# 11-21 [Stompin' the Specks]



## ThaFish (Feb 27, 2013)

*The Report:*
Josh, Jeff & I met at the ramp at 17th yesterday morning & hit the water around 9:45. Our plan? Scour the bay in search of the red sea, then go hit the Escambia for some specks & slots. I guess you could say we struck out on the first half of our mission, because we (along with about 40 other boats) searched for a couple hours to no avail. Josh decided to make a move & we were on specks pretty quick, & lots of them. We spent the trip catching shorts & screwing up hookups on a few studs, but it really did turn out to be an excellent day on the water. 

*The Lure(s) of Choice:*
Jeff & Josh were throwing the Lucky Craft Pointer jerkbait at the first spot & absolutely killing it, so I decided to switch to a hardbait too. I'm ashamed to say it, but I threw an MR17 all day, & it was extremely productive. Jeff joined me on the Mirro Lure team at the second area after I had caught a bunch in a row, but Josh stuck with a fluke for a while before getting frustrated with all of the short strikes. Finally he switched to a Matrix Shad in the Tiger Bait color, & it paid off pretty well for him. 

*Collective Tally for the Day:* Between the three of us we probably boated within the neighborhood of +-40 trout. Although most were short, I did manage one solid keeper, Jeff managed one (which he threw back), & Josh stuck 4 good ones, which he graciously donated to me. Thanks Cap'n! I also got a lower end slot red & a small hybrid, & Jeff got two hybrids too. 

Tight lines everyone!


----------



## ThaFish (Feb 27, 2013)

Oh, & Jeff, I figured I'd leave it to you to mention your hookup with that HUGE spotted gar!


----------



## Jason (Oct 2, 2007)

yeah...them baby specks are harder to target....hahaha Good job once again fellas!!!


----------



## XxReel_FisherxX (Jul 31, 2013)

This is a well constructed report. Very informative. 10/10 - Would read again!


----------



## phutch (Aug 22, 2015)

Nice report guys....y'all look like you're having a blast and thise are some pretty fish


----------



## LIM-IT-OUT (Aug 26, 2014)

Masters of disaster hahaha

Yep stupid hard baits hahaha when all else fails, Matrix pulls off lol!!!


----------



## Bodupp (Oct 3, 2007)

Good report and catch, guys. Btw, that hybrid looks like a pure striper, only smaller.


----------



## Hilltop (Nov 22, 2015)

What type camera are you using? Those images are clean as a whistle.


----------



## XxReel_FisherxX (Jul 31, 2013)

Hilltop said:


> What type camera are you using? Those images are clean as a whistle.

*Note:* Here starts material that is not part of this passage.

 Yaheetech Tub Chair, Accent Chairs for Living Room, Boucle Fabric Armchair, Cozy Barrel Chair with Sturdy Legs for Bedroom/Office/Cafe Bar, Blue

You have no idea how many photos we lost because we dropped the camera in the water. Luckily, they're replaceable.


----------



## fsu alex (Aug 3, 2011)

ThaFish said:


> ashamed to say it, but I threw an MR17 all day, & it was extremely productive.QUOTE]
> 
> No shame in that game!


----------



## rickmbp (Aug 29, 2013)

Very nice catch!!!


----------



## ThaFish (Feb 27, 2013)

Hilltop said:


> What type camera are you using? Those images are clean as a whistle.


I use a Nikon D3300 with the 18-55mm kit lense for all of my fishing photos. Then I use a number of different editing processes in FX Studio Pro on most of the photos & then finishing touches in Apple's Photos app on my Mac to produce the final photos you see in my reports.


----------



## ThaFish (Feb 27, 2013)

Bodupp said:


> Good report and catch, guys. Btw, that hybrid looks like a pure striper, only smaller.


Glad you enjoyed the report, it's always nice to receive comments from the striper master!  If I ever had the opportunity, I'd love to someday hit the water with you for some of those monster stripers you're always getting into...


----------



## BlueWaterWarrior (May 28, 2015)

Nice catch guys. Smart move to jump out of the Bull Rodeo and head to a nice 'mixed bag' spot. 

Sawyer is 'The Man' when it comes to photos and editing.


----------



## LIM-IT-OUT (Aug 26, 2014)

BlueWaterWarrior said:


> Nice catch guys. Smart move to jump out of the Bull Rodeo and head to a nice 'mixed bag' spot.
> 
> Sawyer is 'The Man' when it comes to photos and editing.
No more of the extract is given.